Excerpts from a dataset
┏━━

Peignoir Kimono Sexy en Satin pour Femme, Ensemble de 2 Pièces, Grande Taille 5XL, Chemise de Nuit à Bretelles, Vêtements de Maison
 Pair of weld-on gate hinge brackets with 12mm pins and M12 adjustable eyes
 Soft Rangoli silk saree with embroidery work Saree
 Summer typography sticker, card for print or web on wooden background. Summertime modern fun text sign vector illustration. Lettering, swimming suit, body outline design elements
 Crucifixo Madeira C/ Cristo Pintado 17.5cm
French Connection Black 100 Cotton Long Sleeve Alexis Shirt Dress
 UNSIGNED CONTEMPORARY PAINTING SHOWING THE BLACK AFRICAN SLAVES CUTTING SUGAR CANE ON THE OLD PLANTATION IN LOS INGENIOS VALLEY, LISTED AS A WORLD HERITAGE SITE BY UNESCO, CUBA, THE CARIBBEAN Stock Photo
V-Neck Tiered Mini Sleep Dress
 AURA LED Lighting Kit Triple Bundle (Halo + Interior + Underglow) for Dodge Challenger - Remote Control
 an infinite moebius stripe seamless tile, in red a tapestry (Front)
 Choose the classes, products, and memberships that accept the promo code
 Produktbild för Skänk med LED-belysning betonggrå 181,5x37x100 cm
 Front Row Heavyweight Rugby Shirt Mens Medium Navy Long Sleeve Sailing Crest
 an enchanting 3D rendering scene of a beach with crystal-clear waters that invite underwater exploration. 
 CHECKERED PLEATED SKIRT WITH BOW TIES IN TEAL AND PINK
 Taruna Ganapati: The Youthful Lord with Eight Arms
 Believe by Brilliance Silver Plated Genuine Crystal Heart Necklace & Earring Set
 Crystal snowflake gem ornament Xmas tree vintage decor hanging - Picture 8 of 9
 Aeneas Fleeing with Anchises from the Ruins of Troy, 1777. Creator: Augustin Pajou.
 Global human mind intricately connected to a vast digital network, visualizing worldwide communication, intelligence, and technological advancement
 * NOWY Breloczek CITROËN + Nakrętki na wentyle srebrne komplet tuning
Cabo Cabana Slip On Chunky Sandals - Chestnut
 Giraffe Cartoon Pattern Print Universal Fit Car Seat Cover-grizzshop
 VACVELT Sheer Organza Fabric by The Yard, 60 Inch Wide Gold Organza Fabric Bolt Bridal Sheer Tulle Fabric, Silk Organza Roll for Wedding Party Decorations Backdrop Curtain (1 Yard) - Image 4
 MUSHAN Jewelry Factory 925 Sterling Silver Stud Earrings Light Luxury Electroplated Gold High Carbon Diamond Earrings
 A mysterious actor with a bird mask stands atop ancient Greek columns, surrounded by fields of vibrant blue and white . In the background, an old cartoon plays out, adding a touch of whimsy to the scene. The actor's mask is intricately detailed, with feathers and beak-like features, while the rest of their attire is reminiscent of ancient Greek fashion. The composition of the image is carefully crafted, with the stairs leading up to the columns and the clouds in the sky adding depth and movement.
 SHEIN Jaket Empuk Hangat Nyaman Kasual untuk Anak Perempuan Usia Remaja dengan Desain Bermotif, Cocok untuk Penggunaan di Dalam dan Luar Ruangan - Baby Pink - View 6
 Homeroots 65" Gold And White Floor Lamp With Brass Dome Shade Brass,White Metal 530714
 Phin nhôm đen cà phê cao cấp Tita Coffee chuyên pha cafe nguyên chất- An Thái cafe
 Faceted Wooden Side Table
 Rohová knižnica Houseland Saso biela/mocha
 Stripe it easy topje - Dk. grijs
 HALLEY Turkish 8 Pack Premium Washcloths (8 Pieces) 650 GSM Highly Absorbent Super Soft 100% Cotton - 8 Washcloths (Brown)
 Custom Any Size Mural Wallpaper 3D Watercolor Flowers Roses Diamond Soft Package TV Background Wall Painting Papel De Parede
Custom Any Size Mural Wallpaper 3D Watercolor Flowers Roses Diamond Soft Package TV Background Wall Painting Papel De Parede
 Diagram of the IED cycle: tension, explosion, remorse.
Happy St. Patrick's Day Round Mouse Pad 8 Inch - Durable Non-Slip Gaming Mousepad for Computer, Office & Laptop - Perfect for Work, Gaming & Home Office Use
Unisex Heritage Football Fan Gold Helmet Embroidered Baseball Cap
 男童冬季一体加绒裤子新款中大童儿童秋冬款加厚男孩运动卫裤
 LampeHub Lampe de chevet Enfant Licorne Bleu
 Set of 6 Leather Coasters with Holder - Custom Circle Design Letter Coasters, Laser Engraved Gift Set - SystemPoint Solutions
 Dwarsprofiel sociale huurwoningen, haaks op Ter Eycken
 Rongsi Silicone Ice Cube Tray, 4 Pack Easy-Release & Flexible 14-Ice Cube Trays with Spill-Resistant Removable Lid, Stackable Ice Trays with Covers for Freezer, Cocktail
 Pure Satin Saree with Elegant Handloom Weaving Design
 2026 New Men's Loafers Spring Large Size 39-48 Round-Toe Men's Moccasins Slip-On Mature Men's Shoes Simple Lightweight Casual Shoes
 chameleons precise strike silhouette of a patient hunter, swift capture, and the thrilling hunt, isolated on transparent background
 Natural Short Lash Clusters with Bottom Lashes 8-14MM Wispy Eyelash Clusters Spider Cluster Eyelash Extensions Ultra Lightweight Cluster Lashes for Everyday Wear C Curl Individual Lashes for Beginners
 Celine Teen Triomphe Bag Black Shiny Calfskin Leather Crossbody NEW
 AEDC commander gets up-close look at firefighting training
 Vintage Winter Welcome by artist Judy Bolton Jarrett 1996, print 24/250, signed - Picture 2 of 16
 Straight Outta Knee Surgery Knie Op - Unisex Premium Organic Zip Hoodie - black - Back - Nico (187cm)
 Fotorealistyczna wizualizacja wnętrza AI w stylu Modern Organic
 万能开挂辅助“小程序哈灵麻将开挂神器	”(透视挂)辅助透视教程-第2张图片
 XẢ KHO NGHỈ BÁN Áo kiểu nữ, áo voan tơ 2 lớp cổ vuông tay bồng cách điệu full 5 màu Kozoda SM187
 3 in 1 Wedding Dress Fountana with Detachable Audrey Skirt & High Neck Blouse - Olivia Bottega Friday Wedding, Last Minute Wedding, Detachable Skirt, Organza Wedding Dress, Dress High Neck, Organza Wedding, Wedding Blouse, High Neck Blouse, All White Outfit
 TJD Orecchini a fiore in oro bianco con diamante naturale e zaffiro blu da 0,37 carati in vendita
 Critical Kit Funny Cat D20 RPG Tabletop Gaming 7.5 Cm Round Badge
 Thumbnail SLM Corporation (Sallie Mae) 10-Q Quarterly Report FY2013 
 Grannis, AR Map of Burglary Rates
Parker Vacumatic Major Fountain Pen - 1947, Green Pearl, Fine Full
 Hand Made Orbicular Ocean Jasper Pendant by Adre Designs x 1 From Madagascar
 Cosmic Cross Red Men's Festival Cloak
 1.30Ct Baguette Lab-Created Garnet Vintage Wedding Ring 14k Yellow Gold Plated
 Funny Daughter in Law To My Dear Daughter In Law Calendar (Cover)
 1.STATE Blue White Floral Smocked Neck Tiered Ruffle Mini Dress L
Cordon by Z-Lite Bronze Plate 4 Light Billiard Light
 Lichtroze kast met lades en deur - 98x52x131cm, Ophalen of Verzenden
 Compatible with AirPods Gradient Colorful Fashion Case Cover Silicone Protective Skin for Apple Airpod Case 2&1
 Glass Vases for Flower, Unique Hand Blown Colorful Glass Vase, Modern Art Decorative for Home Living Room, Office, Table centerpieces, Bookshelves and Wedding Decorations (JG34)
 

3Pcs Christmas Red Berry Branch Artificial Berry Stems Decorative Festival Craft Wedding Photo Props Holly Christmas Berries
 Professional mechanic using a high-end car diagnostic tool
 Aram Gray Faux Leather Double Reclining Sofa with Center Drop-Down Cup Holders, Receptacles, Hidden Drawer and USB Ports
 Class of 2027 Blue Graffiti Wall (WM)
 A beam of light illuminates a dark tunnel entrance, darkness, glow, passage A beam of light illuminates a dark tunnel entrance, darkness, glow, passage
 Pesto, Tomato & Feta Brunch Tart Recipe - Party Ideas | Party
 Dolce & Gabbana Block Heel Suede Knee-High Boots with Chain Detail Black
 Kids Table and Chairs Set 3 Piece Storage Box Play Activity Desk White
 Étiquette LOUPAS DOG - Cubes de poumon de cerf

┗━━

Task to complete
All lines in the preceding records that hold the word "Diamond" need to be copied.

Task answer
 MUSHAN Jewelry Factory 925 Sterling Silver Stud Earrings Light Luxury Electroplated Gold High Carbon Diamond Earrings
 Custom Any Size Mural Wallpaper 3D Watercolor Flowers Roses Diamond Soft Package TV Background Wall Painting Papel De Parede
Custom Any Size Mural Wallpaper 3D Watercolor Flowers Roses Diamond Soft Package TV Background Wall Painting Papel De Parede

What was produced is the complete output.